Consider financing challenges and risks

As with any business decision, financing must be at the centre of your strategy for entering an international market. You must identify potential financial risks and plan how to mitigate them. As a starting point, you’ll want to consider several common risks.

  • Scaling your business to meet market demands.
  • Managing Compliance.
  • Hiring talent from the local community.
  • Problems raising capital.
  • Issues with the foreign exchange rate.

Reducing these risks isn’t easy, but it can be done. For example, planning your scaling requirements in advance means you make sure you have the financing in place, so you don’t face any costly holdups in your process. You can also work with a local laws and regulations expert to make sure you don’t get any nasty compliance surprises.

When it comes to issues with capital, planning and forecasting based on reliable data gives you a better chance of securing the financing you need. You can also protect your financial fluidity by using Wise Multi-Currency Account to make it easier for you to complete financial transactions with foreign suppliers.

Wise Business also has a vital role to play in reducing your foreign exchange rate risks as it allows your business to hold money in local currencies and convert at the ideal moment. Having this ability protects you from making drastic losses if a currency loses its value.

Research insurance needs

Your insurance needs will vary depending on which market and country you’re trading in.
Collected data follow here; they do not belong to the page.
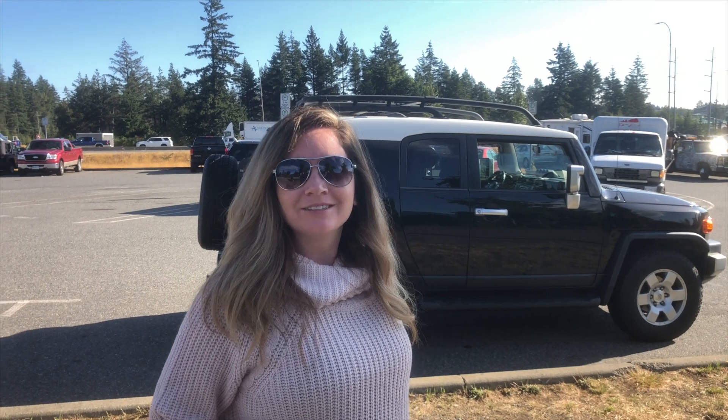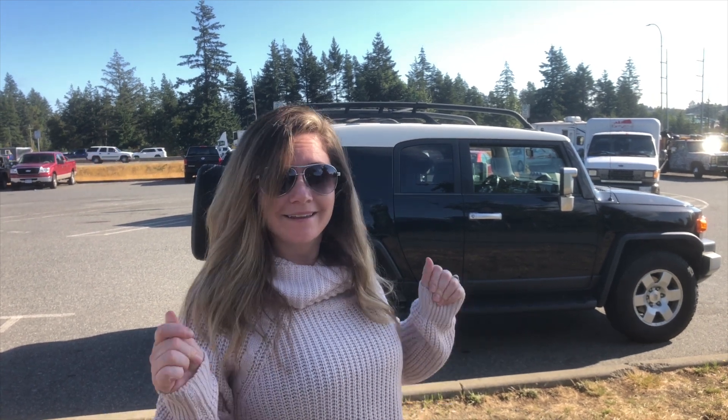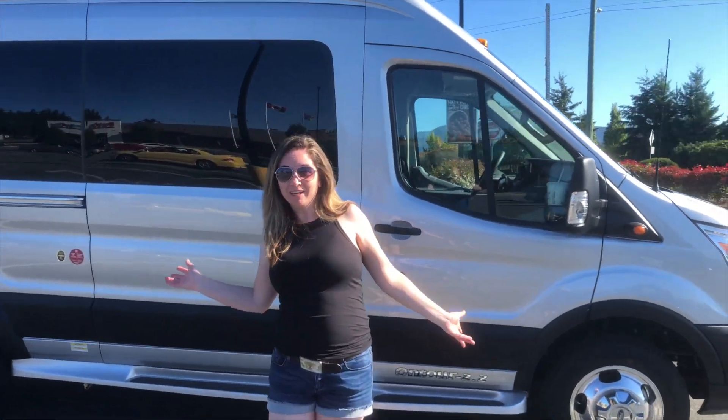We're on our way to Puffbox to pick up our van. First time — never had a van before. So we got it, our Pleasure Way.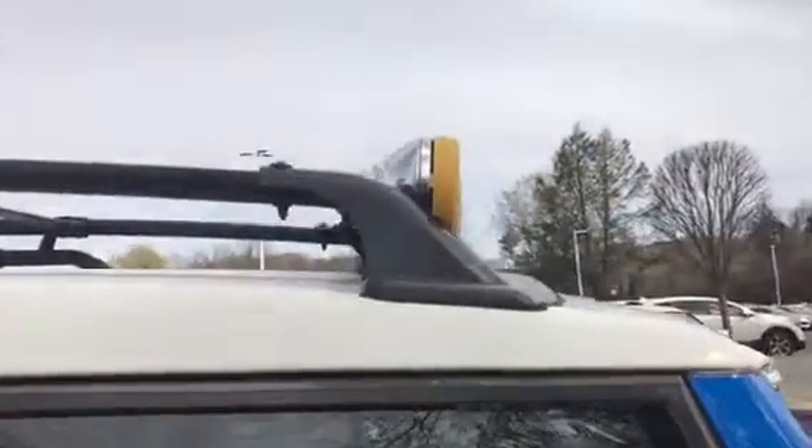It's in really nice condition. It has sidesteps, a roof rack, and fog lights.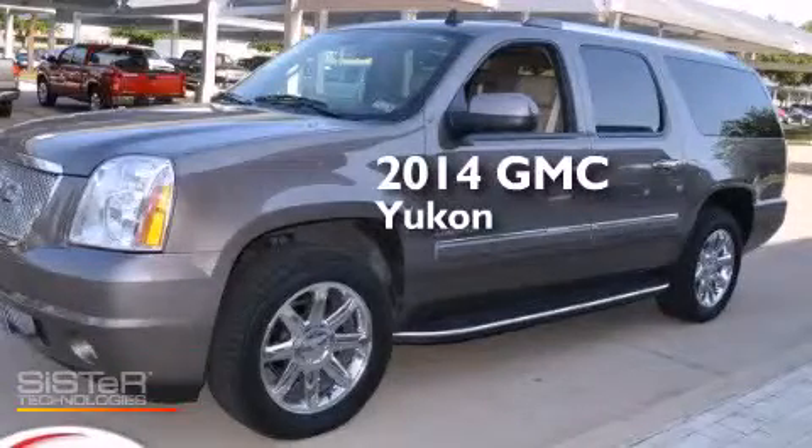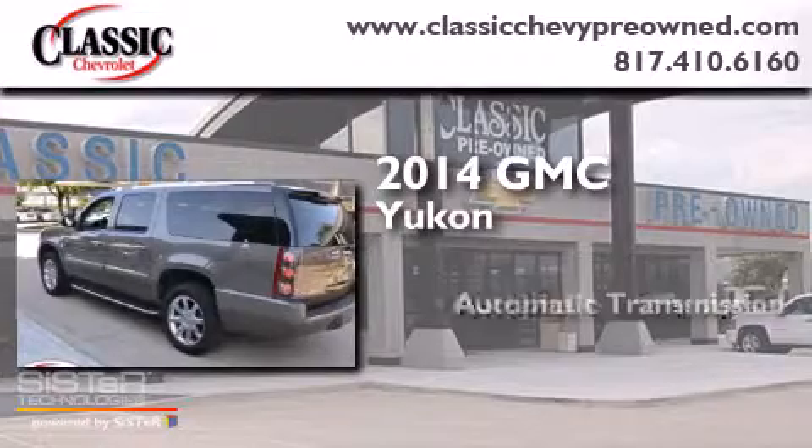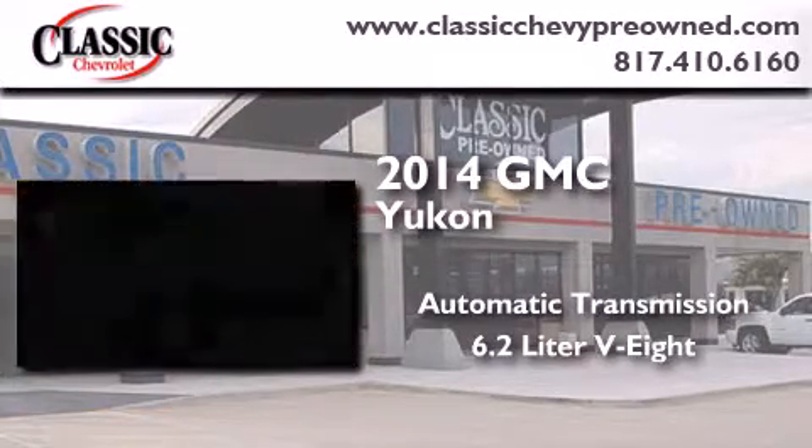This is a 2014 GMC Yukon. This SUV has an automatic transmission and a 6.2-liter V8.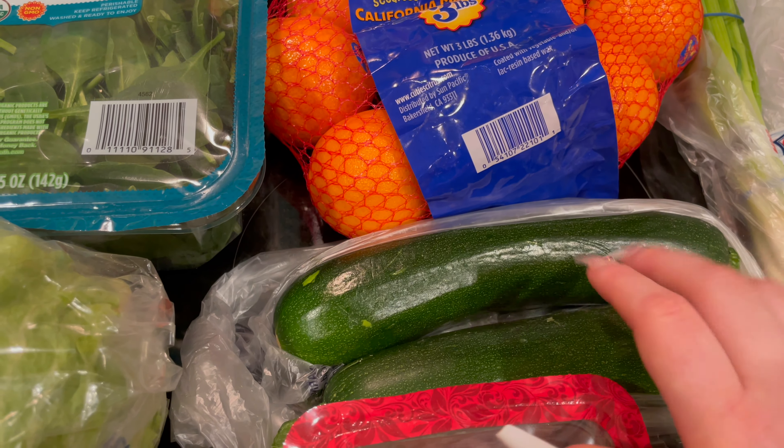I picked up this Hunt's tomato sauce — this is my favorite tomato sauce. I actually got three; there's one behind that you can't see because it was on sale but only if you bought three of them. We use this all the time so I went ahead and grabbed it. It was like a digital coupon on the Kroger app and you basically got one for free.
So, carrying out research is a must. You don’t want to lose out financially because you have the wrong insurance provision or it isn’t comprehensive enough. Types of insurance you’ll want to consider include credit insurance in case a customer doesn’t pay and professional indemnity insurance to cover you in the case of certain product errors.

Document the strategy

Writing down your market entry strategy framework is a vital step to take. When you’re doing this, capture all aspects of the strategy, including steps to take and goals. This document is a living record of your market entry process, so it should include a record of your progress and findings.

Compiling your market entry strategy in writing isn’t just a guide and measure for you. When you’re applying for financing, you can present it as a relevant planning document to support your application. The document will also help to inform your export marketing plan.

Go global Wise Business

Entering a new international market and looking for a way to manage your finances more easily? Wise Business is an easy to use international business account that gives you access to features that simplify your entry into an international market. Opening this account means you can:

  • Get local bank details and receive money in 10 currencies.
  • Hold and convert money from more than 50 currencies.
  • Spend with your account debit card.
  • Easily manage employee expenses with expenses cards.
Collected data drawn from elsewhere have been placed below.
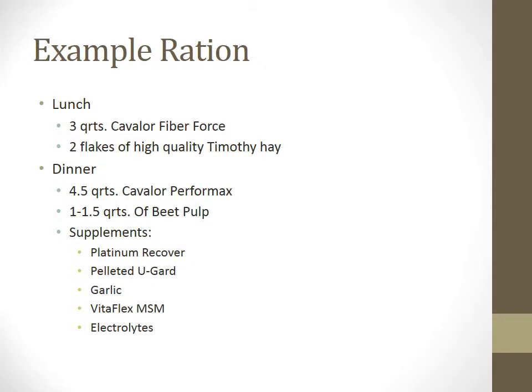Here we continue with the same horse and his diet for the rest of the day. His dinner includes multiple supplements. The platinum recovery supplement helps with performance and recovery in intensely worked horses. The pelleted U-Guard is an ulcer guard that helps prevent ulcer formation — important since horses that travel frequently are subject to ulcers. Another interesting component is garlic, shown to repel flies and insects during muggy summer weather. VitaFly MSM has ingredients important for cartilage and joint health. Lastly, electrolytes are supplemented to replace what is lost in sweat.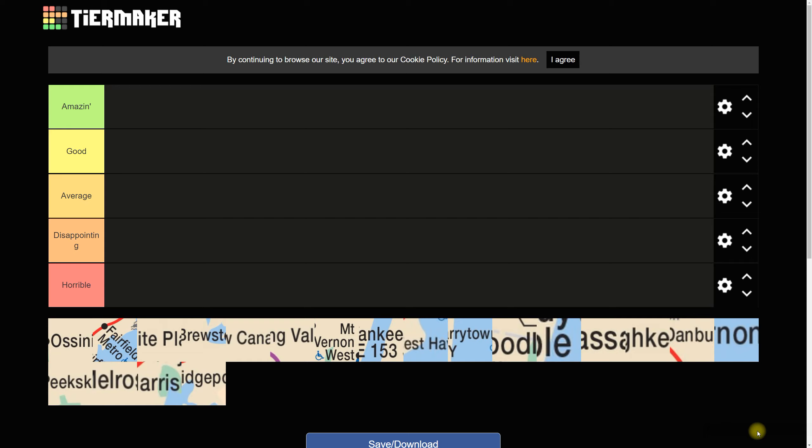He suggested doing a Metro-North tier list and giving thoughts on stations on that specific railroad. So with that in mind, I went ahead and did this tier list. This tier list is broken down into five categories: amazing, good, average, disappointing, and horrible. I believe a couple of stations could get amazing, a lot could get good, some could get average, and only a few would get disappointing or horrible.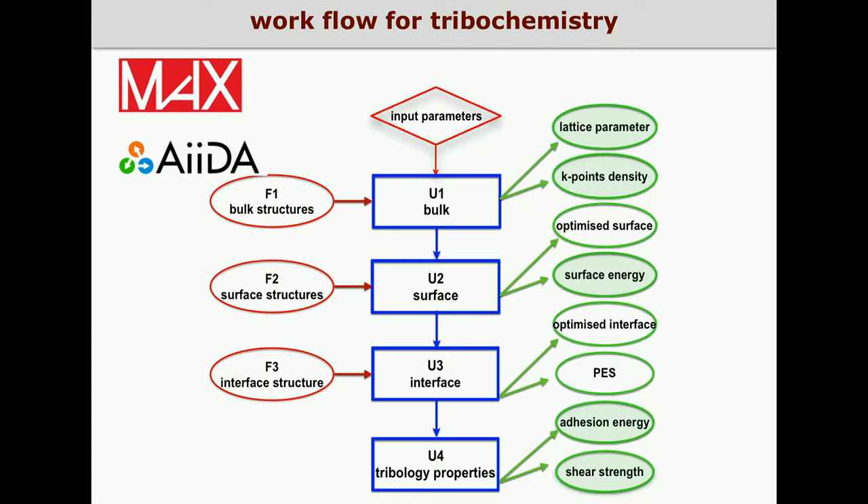Thanks to the MAX project, we could implement this computational protocol as a workflow based on the AIDA platform, which allows obtaining these intrinsic interfacial properties automatically for a large number of materials. The workflow is stored for non-specialized users, so a limited number of input parameters are required, and most of the computational choices are made within the workflow through tests carried out automatically.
You’ll never have to struggle to manage your international finances, so you can concentrate on other aspects of your market entry that may be more complex.

Get Wise Business


Taking the time to choose and shape the best market entry strategy for your business improves your chances of success. Consider which strategy is the best match for your goals, research your market, and decide how you’ll mitigate against associated risks. Most importantly, record your strategy in writing and use it as a living document to guide and review your actions before, during, and after the market entry process.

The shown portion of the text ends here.